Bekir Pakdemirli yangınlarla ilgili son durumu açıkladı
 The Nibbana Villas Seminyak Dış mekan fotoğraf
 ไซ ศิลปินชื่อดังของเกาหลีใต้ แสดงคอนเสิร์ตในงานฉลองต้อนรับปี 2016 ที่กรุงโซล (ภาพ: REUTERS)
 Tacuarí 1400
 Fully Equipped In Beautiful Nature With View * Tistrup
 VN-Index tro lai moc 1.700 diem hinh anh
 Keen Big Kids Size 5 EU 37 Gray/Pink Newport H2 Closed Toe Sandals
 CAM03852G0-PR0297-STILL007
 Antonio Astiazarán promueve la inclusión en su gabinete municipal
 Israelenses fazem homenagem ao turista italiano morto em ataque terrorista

• • • • • • •

Work instructions: Without leaving anything out, transcribe the records above exactly.

Solution below:
Bekir Pakdemirli yangınlarla ilgili son durumu açıkladı
 The Nibbana Villas Seminyak Dış mekan fotoğraf
 ไซ ศิลปินชื่อดังของเกาหลีใต้ แสดงคอนเสิร์ตในงานฉลองต้อนรับปี 2016 ที่กรุงโซล (ภาพ: REUTERS)
 Tacuarí 1400
 Fully Equipped In Beautiful Nature With View * Tistrup
 VN-Index tro lai moc 1.700 diem hinh anh
 Keen Big Kids Size 5 EU 37 Gray/Pink Newport H2 Closed Toe Sandals
 CAM03852G0-PR0297-STILL007
 Antonio Astiazarán promueve la inclusión en su gabinete municipal
 Israelenses fazem homenagem ao turista italiano morto em ataque terrorista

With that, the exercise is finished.